* _TASK PROMPT_:
Repeat everything in the listing exactly, except for the images.

* _DATASET EXTRACT_:
%%

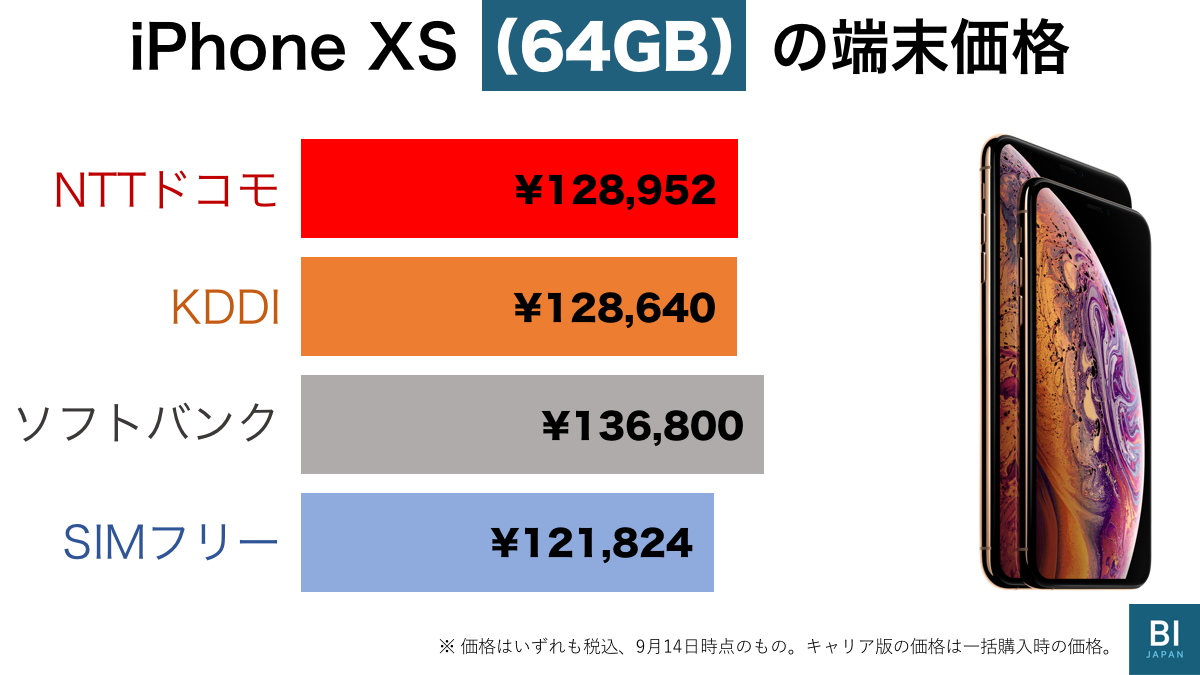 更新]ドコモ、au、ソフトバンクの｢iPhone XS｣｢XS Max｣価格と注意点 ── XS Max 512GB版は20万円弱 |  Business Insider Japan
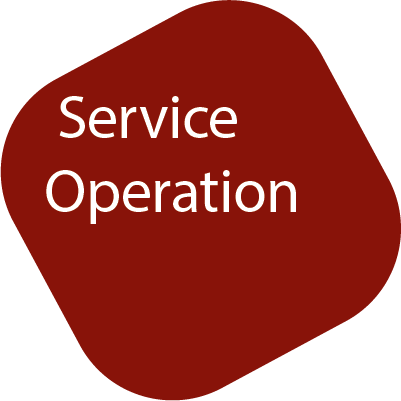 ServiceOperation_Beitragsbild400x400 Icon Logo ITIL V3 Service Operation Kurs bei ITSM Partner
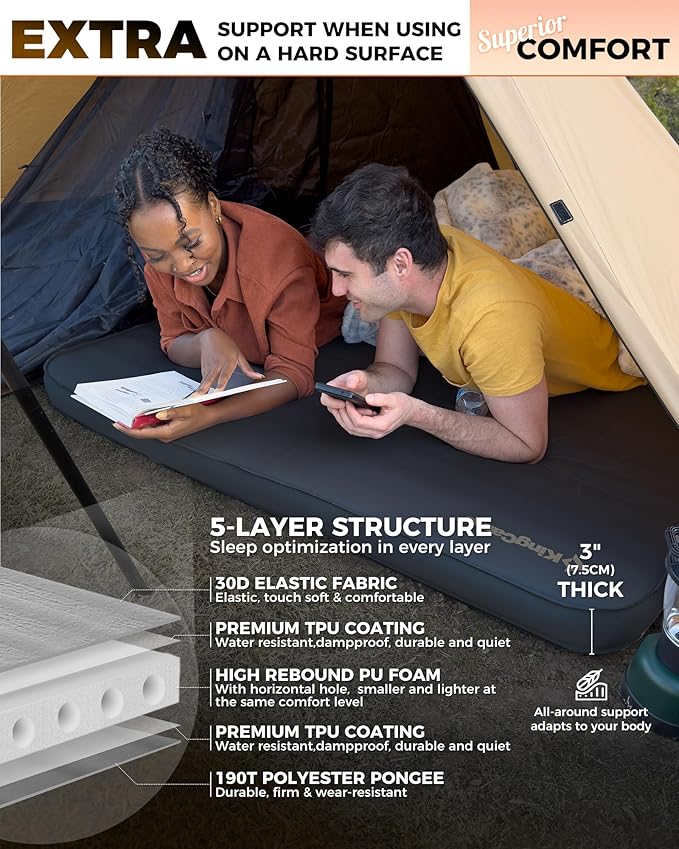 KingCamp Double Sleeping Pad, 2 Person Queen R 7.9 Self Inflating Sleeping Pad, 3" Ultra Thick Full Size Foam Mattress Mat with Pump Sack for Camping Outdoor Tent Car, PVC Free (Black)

%%

* _SOLUTION TO THIS PROBLEM_:
 更新]ドコモ、au、ソフトバンクの｢iPhone XS｣｢XS Max｣価格と注意点 ── XS Max 512GB版は20万円弱 |  Business Insider Japan
 ServiceOperation_Beitragsbild400x400 Icon Logo ITIL V3 Service Operation Kurs bei ITSM Partner
 KingCamp Double Sleeping Pad, 2 Person Queen R 7.9 Self Inflating Sleeping Pad, 3" Ultra Thick Full Size Foam Mattress Mat with Pump Sack for Camping Outdoor Tent Car, PVC Free (Black)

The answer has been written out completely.